Dava konusu işleme esas yayının niteliği dikkate alındığında, söz konusu programda 23.10.2011 tarihinde Van ili’nde gerçekleşen depremin meydana geldiği dönemde ülkemizde yaşanan ve üzüntü verici diğer olaylara da atıf yapılmak suretiyle vatandaşlarımızın üzüntüye boğulmasına sebep olacak başka bir olayın ’ülkenin neresinde gerçekleşirse gerçekleşsin, bu ülkede yaşayan herkesi derinden üzdüğü’ yolunda bazı duygu ve düşüncelerin izleyicelere/dinleyenlere aktarıldığı görülmekte olup, söz konusu yayında herhangi bir şekilde bölücülük ve/veya ayrımcılık yapılmadığı, bilakis ülkemizde bir kardeşlik havasının oluştuğunu ortaya koymaya yönelik beyanda bulunulduğu ve bu amaca yönelik yayın yapıldığı sonucuna ulaşılmaktadır.

Bu itibarla; uyarı müeyyidesine esas olan yayının konusunun bizatihi 23.10.2011 tarihinde Van ili’nde gerçekleşen deprem olduğu, anılan programın aynı gün gerçekleşmiş olan deprem felaketinin oluşturduğu etkilerin henüz sıcaklığını koruduğu bir zaman diliminde yayınlandığı, yayın içeriğinde dile getirilen diğer hususların da deprem felaketinin oluşturduğu maddî ve manevî olumsuz havayı bertaraf etmeye dönük olduğu da dikkate alındığında, uyuşmazlığa konu cezanın verilmesine sebep teşkil eden ifadelerin, ırk, renk, dil, din, tabiiyet, cinsiyet, özürlülük, siyasî ve felsefî düşünce, mezhep ve benzeri nedenlerle ayrımcılık yapmak ve bireyleri aşağılamak amacıyla değil, aksine, yurdumuzun herhangi bir bölgesinde meydana gelen bir olayın, bütün yurdu etkilediği temasının işlenmesi amacıyla sarfedildiği açıktır.

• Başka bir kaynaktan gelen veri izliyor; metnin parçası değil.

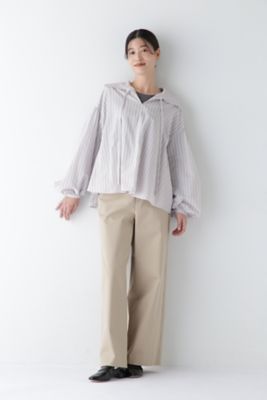 ◆綿麻ボイルスキッパーボリュームブラウス（０７７５１１０２０４）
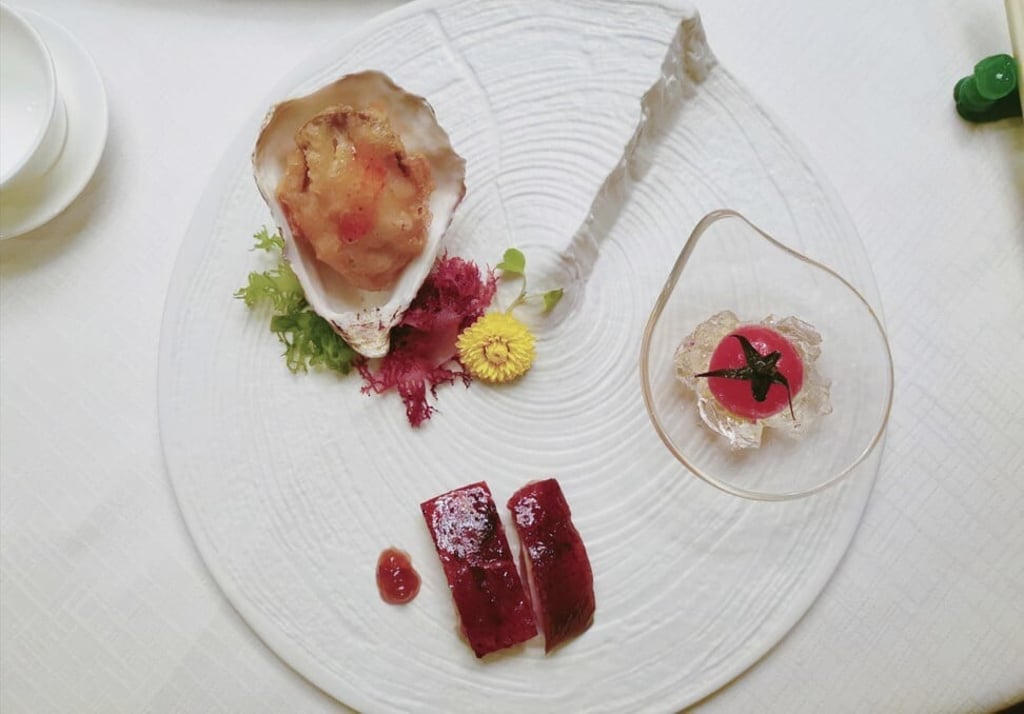 Gillardeau oyster and roast goose, by Au Yeung. Photo: Jade Dragon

Bu durumda, davacı şirkete ait televizyon kanalında 23.10.2011 tarihinde yayınlanan haber programındaki ifadeler ile 6112 sayılı Kanun’un (8.) maddesinin 1. fıkrasının (e) bendinde yer alan yayın ilkesinin ihlal edildiğinden bahisle davacı şirket hakkında uyarı müeyyidesi uygulanması yolundaki dava konusu işlemde hukuka ve mevzuata uyarlık bulunmamaktadır.

Açıklanan nedenlerle; hukuka aykırı olduğu ortaya konulan dava konusu işlemin uygulanması halinde telafisi güç zararlar doğabileceğinden, 2577 sayılı İdarî Yargılama Usulü Kanunu’nun (27.) maddesi uyarınca teminat alınmaksızın dava konusu işlemin yürütülmesinin durdurulmasına, bu kararın tebliğ tarihini izleyen günden itibaren 7 (yedi) gün içerisinde Mahkememiz aracılığıyla Ankara Bölge İdare Mahkemesi nezdinde itiraz yolu açık olmak üzere, 16.02.2012 tarihinde oybirliğiyle karar verildi.